The following would be my overall ratings using the review criteria selected by the journal:
- Scientific significance: Excellent (1)
- Scientific quality: Good (2)
- Scientific reproducibility: Poor (4)
- Presentation quality: Good (2)
As my ratings show, reproducibility or traceability is a major problem with this paper. The reasons (explained in detail later) range from improper or insufficient citation, use of non-English data sources, and proprietary datasets.

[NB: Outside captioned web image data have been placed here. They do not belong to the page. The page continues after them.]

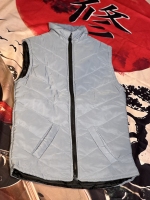 پافر پارچه مموری ضد آب داخل استری و پشمه شیشه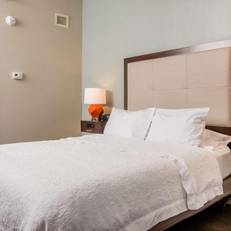 Hampton Inn Joplin 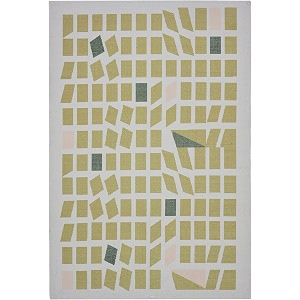 Printed Rug Soft Floor Carpets with Anti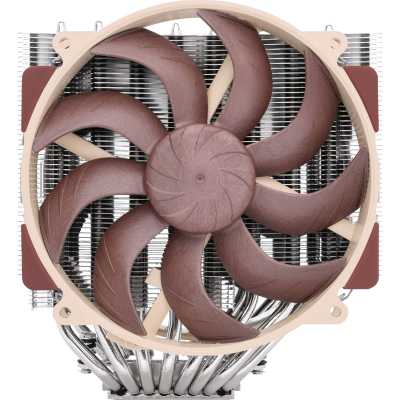 кулер Noctua NH-D15 G2 LBC Бежевый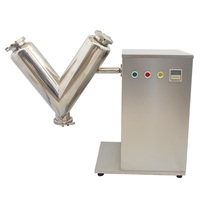 Impastatrice automatica del miscelatore della polvere della macchina della miscela della polvere del miscelatore dell'attrezzatura della polvere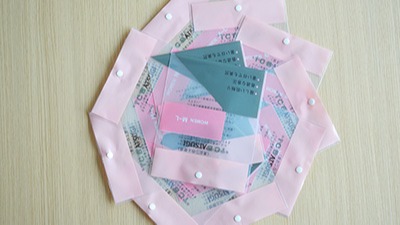 簡析環保塑（sù）料袋的發展與應用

All these reasons make it difficult for other scientists to recreate this data product for different parts of the globe. As a result, I will recommend ‘major revisions’ so as to allow the authors to modify the manuscript and/or the model accordingly. Moreover, the authors’ approach to computing road transportation emissions is not novel. Similar methods can be found in the DARTE and Vulcan models (Gately, Hutyra and Sue Wing, 2015; Gurney et al., 2020). In their revision, I would encourage the authors to refer to previous attempts at modeling road transportation emissions and highlight how DRIVE is novel or different.

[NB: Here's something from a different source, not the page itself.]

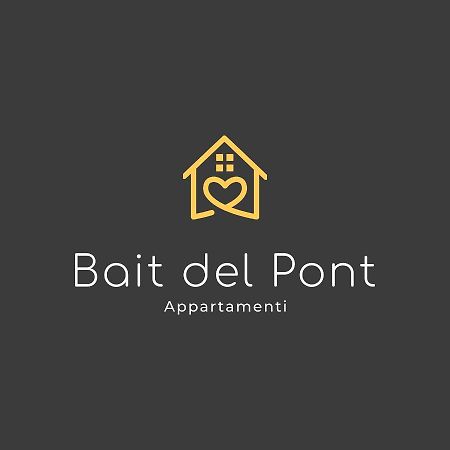 Bait Del Pont Aparthotel Livigno Bagian luar foto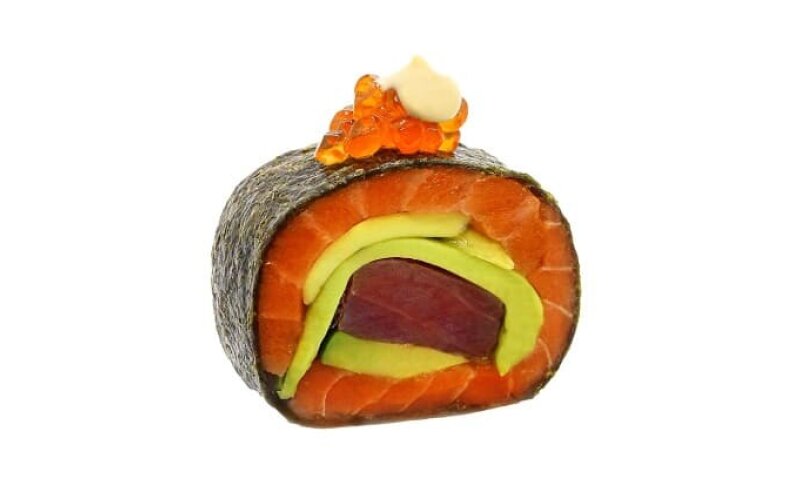 Ролл «Экзотика»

Issues of reproducibility:
- The authors calculate emissions for Munich, Germany, using a lot of European and German data. However, they do not state whether the model they present is limited to Germany or Europe.
- The authors refer to HBEFA emission factors in multiple parts of the paper, but there is no citation or reference to a table in the paper.
- The authors use a macroscopic traffic demand model maintained by the City of Munich. Unfortunately, this model is not cited, and the source is not mentioned. It is also unclear whether the model is open source or publicly/freely available.
- The authors use traffic counting data from the city administration and BASt. Citations and sources are missing. From the description provided by the authors, it appears that the data sources might be in German. If this is true, it would be an additional hindrance to reproducibility.
- It was not clear how the correction factor ki,vcwas calculated.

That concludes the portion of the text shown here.